South Sudan inheritance crisis
A fresh OLENT survey released in Yambio finds 92 percent of citizens leave no written will, thrusting countless households into unpredictable legal battles once a breadwinner passes away.
Researchers warn that property loss, exploitation and sudden impoverishment often follow, especially in rural communities where customary practices collide with modern banking rules.
Documentation gap harms widows
Nine in ten respondents lacking wills also hold no formal ownership papers, making land titles, bank accounts and livestock difficult to claim. “Our goal is to pass this information to communities and reduce disputes,” lawyer Samuel Agustin told participants at the policy dialogue.
Banks and awareness challenges
The study says 95 percent of banks fail to alert families about dormant accounts or next-of-kin procedures.

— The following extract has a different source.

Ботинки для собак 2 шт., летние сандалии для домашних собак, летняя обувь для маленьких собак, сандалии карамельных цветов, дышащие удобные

Meanwhile 87 percent of citizens admit ignorance of inheritance rights, despite nearly half having completed secondary school.
Civil society pushes reform
OLENT Executive Director David Benjamin calls the findings “a troubling picture of legal and financial limbo” and urges the Ministry of Justice to draft a national inheritance law, strengthen documentation guidelines and fund civic education campaigns.
Visiting Ghanaian analyst Stephen Dansu praised the report as “a crucial step toward empowering South Sudanese families to secure their future,” noting that clear statutes could curb property feuds and foster trust in formal institutions.